Chapter 2 Walkthrough

This chapter walks through a short example of a targets-powered data analysis project. The source code is available at https://github.com/wlandau/targets-four-minutes, and you can visit https://rstudio.cloud/project/3946303 to try out the code in a web browser (no download or installation required). The documentation website links to other examples. The contents of the chapter are also explained in a four-minute video tutorial:

2.1 About this example

The goal of this short analysis is to assess the relationship among ozone and temperature in base R’s airquality dataset. We track a data file, prepare a dataset, fit a model, and plot the model against the data.

2.2 File structure

The file structure of the project looks like this.

├── _targets.R
├── data.csv
└── R/
  └──── functions.R

data.csv contains the data we want to analyze.

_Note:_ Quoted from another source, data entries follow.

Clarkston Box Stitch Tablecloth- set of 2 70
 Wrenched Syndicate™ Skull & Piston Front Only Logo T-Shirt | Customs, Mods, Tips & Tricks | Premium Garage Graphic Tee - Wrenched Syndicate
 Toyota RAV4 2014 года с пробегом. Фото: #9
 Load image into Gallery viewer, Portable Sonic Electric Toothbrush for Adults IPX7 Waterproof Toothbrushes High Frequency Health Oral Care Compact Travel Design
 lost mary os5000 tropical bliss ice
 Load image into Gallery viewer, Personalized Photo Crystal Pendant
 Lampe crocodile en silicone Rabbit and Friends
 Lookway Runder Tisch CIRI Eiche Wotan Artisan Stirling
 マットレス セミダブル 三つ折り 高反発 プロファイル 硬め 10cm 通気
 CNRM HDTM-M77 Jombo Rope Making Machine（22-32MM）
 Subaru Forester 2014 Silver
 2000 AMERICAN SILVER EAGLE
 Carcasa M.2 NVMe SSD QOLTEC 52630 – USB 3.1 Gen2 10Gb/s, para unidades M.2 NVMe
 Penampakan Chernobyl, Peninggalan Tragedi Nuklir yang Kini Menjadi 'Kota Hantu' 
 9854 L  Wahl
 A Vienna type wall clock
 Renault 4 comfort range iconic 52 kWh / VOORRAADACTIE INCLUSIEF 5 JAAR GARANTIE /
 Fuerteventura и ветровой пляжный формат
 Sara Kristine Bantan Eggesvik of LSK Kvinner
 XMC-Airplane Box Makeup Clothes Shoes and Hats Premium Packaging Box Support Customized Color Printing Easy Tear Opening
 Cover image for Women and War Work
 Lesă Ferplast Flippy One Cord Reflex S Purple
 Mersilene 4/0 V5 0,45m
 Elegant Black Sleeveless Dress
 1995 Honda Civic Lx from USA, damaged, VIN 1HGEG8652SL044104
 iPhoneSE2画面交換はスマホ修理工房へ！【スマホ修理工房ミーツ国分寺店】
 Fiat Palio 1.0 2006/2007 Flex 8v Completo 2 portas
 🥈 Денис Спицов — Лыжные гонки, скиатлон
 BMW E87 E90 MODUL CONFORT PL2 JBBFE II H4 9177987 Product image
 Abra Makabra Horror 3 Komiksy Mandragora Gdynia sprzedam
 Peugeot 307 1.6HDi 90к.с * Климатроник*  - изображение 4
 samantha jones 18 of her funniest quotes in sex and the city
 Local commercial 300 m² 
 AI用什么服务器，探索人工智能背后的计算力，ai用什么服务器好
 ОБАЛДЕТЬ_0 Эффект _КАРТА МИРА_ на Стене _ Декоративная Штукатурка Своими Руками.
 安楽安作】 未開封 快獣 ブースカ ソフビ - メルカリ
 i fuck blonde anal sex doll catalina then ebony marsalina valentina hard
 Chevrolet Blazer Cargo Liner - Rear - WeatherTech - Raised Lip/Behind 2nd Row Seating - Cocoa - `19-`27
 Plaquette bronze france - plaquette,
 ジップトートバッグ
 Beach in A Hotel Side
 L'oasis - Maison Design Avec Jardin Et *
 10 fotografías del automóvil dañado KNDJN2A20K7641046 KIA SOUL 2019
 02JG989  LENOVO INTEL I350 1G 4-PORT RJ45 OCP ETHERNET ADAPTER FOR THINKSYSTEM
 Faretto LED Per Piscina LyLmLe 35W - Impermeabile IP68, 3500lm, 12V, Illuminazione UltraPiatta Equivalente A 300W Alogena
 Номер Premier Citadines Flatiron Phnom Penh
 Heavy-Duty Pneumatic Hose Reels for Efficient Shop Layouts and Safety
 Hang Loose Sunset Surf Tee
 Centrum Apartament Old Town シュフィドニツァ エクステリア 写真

Ozone,Solar.R,Wind,Temp,Month,Day
36,118,8.0,72,5,2
12,149,12.6,74,5,3
...

R/functions.R contains our custom user-defined functions. (See the functions chapter for a discussion of function-oriented workflows.)

# R/functions.R
get_data <- function(file) {
  read_csv(file, col_types = cols()) %>%
    filter(!is.na(Ozone))
}

fit_model <- function(data) {
  lm(Ozone ~ Temp, data) %>%
    coefficients()
}

plot_model <- function(model, data) {
  ggplot(data) +
    geom_point(aes(x = Temp, y = Ozone)) +
    geom_abline(intercept = model[1], slope = model[2])
}

2.3 Target script file

Whereas files data.csv and functions.R are typical user-defined components of a project-oriented workflow, the target script file _targets.R file is special. Every targets workflow needs a target script file to configure and define the pipeline.1 The use_targets() function in targets version >= 0.12.0 creates an initial target script for you to fill in. Ours looks like this:

# _targets.R file
library(targets)
source("R/functions.R")
tar_option_set(packages = c("readr", "dplyr", "ggplot2"))
list(
  tar_target(file, "data.csv", format = "file"),
  tar_target(data, get_data(file)),
  tar_target(model, fit_model(data)),
  tar_target(plot, plot_model(model, data))
)

All target script files have these requirements.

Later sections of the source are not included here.